Comment dessiner l’architecture d’un système dont la complexité fonctionnelle est étendue, et bien plus profonde qu’une API qui expose le CRUD du modèle ? Sur quels points porter son attention, comment partitionner le code et ses responsabilités ?
C’est une série d’articles que nous vous proposons, elle commence par cette (longue) introduction qui pose le décor et initie à l’analyse du domaine du système.
Les difficultés apparaissent généralement après la phase de développement initiale, à la reprise d’un projet extérieur ou d’un changement d’équipe. Les dégâts sont déjà si avancés que bien souvent quelqu’un finit par lâcher le tristement célèbre « Il faut tout réécrire de zéro ».
Même si on n’en vient pas toujours à cette extrémité, ayons l’honnêteté d’avouer que c’est une situation qui arrive assez couramment dans notre industrie. Ce qui pénalise plus souvent le client que l’éditeur, malheureusement le client a rarement conscience de la dette technique.
Dans la liste des difficultés qui mènent a cette situation, voici un Hit Parade des plus évidentes.

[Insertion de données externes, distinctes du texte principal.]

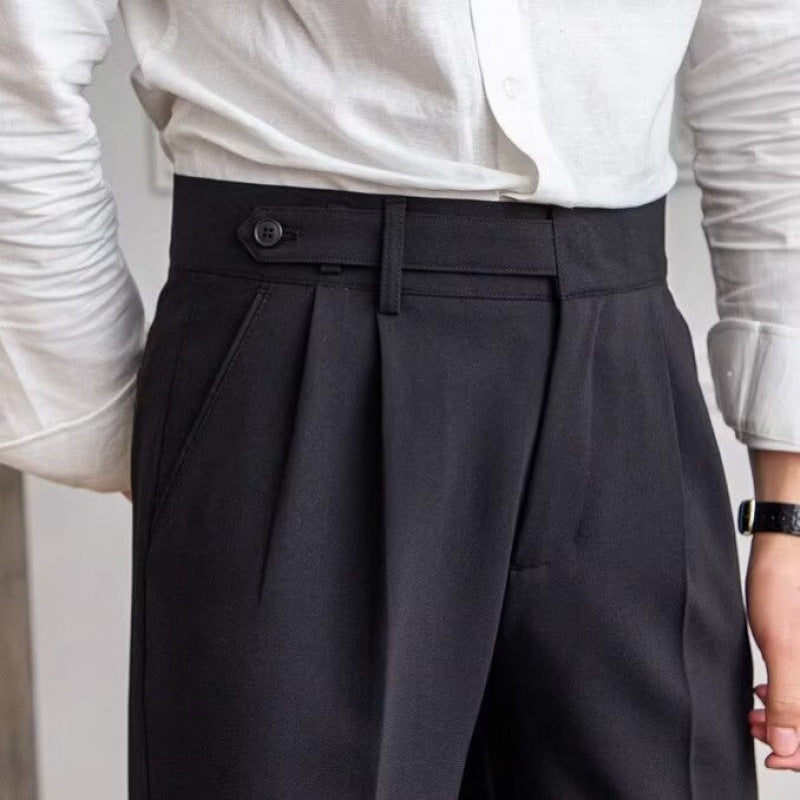 Pantalon mit hoher Taille in Paris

Une des difficultés les plus évidentes avec une application fournie, c’est que cela demande une gymnastique mentale importante. Il est bien souvent impossible de garder l’ensemble de la structure du code, des fonctionnalités et de leurs impacts en tête. Et bien plus difficile encore quand on n’est pas l’auteur de l’intégralité du code.
Cela rend les développements longs et pénibles. Introduire une nouvelle tête dans l’équipe demandera beaucoup de temps.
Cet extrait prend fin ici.